Like athletes resting too much in the off season, students who do not participate in learning can fall behind. It is a critical developmental time for children; third graders that fall behind in reading are four times more likely to drop out. Students who do nothing during the summer can lose up to three months of educational gains. It may not sound like much, but by fifth grade, some students may be two to three grades behind their peers. That is quite a bit to overcome, and they may not have a LeBron to lift them up.

That is why the NSLA encourages everyone to spend time with their child on July 14th for education. The time can be utilized in a variety of ways. You can sit down and read a book together or play educational games. Even a walk in the park or a trip to the store can be an opportunity to learn. If students do not have the support system available to them, reading a good book on that day can help.

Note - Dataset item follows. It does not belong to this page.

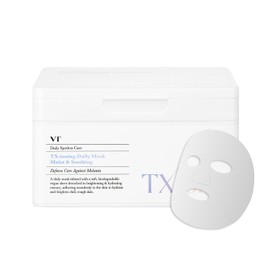 VT COSMETICS TX Toning Daily Mask 30 Sheets, Tranexamic Acid, Niacinamide, Glutathione for Acne Scars, Dark Spots, Sun Spots, Hydrating & Glowing Facial Mask, Fragrance-Free, Korean Face Mask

Especially if it is a book that piques the child’s interest. Developing healthy habits now pay off over the course of a student’s career. 

We encourage you to take part in National Summer Learning Day on July 14th. You can see what other communities are doing on social media be following the hashtag #KeepKidsLearning, and learn things you can prepare at http://www.summerlearning.org/. It is a perfect opportunity to sit down and read a book as part of your summer reading goals for Kids Read Now! When school starts in just over a month, you want you students to be in shape and ready to learn as if summer vacation did not exist. Players on the Penguins and the Cavaliers will be heading back to do some work in the next few weeks to get ready for the next season. Ensure the students in your school are spending some time enjoying their summer while reading and getting ready for school to begin!